Notons enfin quelques définitions supplémentaires pour éviter les confusions :
Un lac est un plan d’eau situé dans une dépression naturelle où la durée de séjour des eaux et la
profondeur sont suffisantes pour créer une stratification thermique et où s’établit, du printemps à
l’automne, une stratification thermique stable. Il est en général d’une superficie supérieure à 200 ha
et d’une profondeur moyenne de 5 m.
Une retenue est un plan d’eau artificiel à vocation spécifique : hydroélectricité, soutien d’étiage,
irrigation, alimentation en eau potable. Généralement, ces plans d’eau sont caractérisés par une
profondeur irrégulière, un niveau variable (marnage) et une masse d’eau homogène.

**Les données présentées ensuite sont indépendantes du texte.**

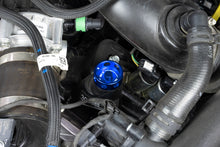 Load image into Gallery viewer, HPS Performance Anodized billet aluminum twist-lock oil cap, 38mm top diameter, 38mm height (5269-110BL)
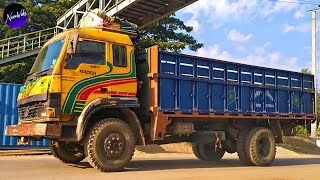 BANGLA TRUCKS 336 | Tata LPT 1613 BS-2 open truck of Faisal Transport | Truck Spotting | Truck Sound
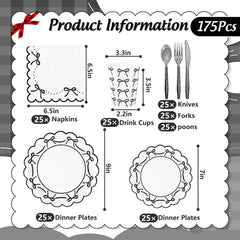 JarThenaAMCS 25 guests tableware set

Un étang est un plan d’eau d’origine naturelle ou artificielle, de faible profondeur, sans stratification
thermique stable. Il est alimenté essentiellement par son bassin pluvial. Sa surface est comprise entre
0.5 et 200 ha et sa profondeur est en général inférieure à 5 m.
13
Une mare est une petite étendue d’eau stagnante qui peut être temporaire. Elle est de superficie
inférieure à un étang et de faible profondeur : moins de 5000 m² de surface et moins de 2 m de
profondeur en général.
Une gravière est un plan d’eau d’origine artificielle créé par extraction de granulats et alimenté
essentiellement par la nappe phréatique (NB : l’ESCo de 2017 considère que les gravières ne sont pas
considérées comme étant des retenues d’eau).
2.2. Typologie des retenues d’eau
La diversité des retenues d’eau s’exprime au niveau de leurs usages, leurs modes d’alimentation et de
restitution de l’eau, leur positionnement dans le bassin versant, leur lien avec le cours d’eau, leur taille et
leur forme. Les travaux d’expertise scientifique collective (ESCo) menés par l’Office français de la Biodiversité
et l’INRAE entre 2014 et 2017 en proposent une typologie.
5 grands types de retenues sont distinguées en fonction de leur position par rapport au cours d’eau et de
leur mode d’alimentation (figure 1) : (1) pompage en nappe, (2) pompage dans la rivière, (3) retenue
collinaire alimentée par ruissellement (déconnectée du réseau hydrographique), (4) retenue en dérivation
du cours d’eau, (5) retenue en barrage sur le cours d’eau.
Figure 1 : Emplacement des retenues selon leur type d’alimentation (Source : F. Peyriguer (Irstea) d’après O. Douez (BRGM)).
Mais compte tenu de la variété des situations rencontrées sur le terrain, susceptibles d’entrainer des impacts
différents (autres modes d’alimentation, modalités de restitution de l’eau de la retenue, ainsi que ses
périodes d’alimentation ou de restitution d’eau au milieu), 23 types de retenues sont classées selon plusieurs
critères (figure 2 ci‐après) :
Leur implantation sur le bassin,
Leur type d’alimentation et d’exutoire,
L’existence ou non d’une restitution au cours d’eau.
14
Quelques repères chiffrés : les
retenues en France et dans le
monde
À l’échelle mondiale, le nombre
de réservoirs d’eau est estimé à
plus de 16 millions, pour un
volume stocké de 8 000 km3. Ce
qui représente la moitié du
stockage d’eau dans les sols et
1/6e des débits allant à la mer
(Source : F. Habets, 2020).
En France, 13 000 barrages sont
recensés, en dehors des
retenues collinaires. Les petites
retenues, incluant ces
dernières, sont estimées au
nombre de 125 000. Il est
courant d’avoir plus de
5 réservoirs par km², pour des
volumes stockés de plus de
10 000 m3/ km² (F. Habets).
Figure 2 : Typologie des retenues (Source : Les Rencontres n° 50, AFB, 11/2017)
15
3. Des retenues d’eau : pour quels usages ?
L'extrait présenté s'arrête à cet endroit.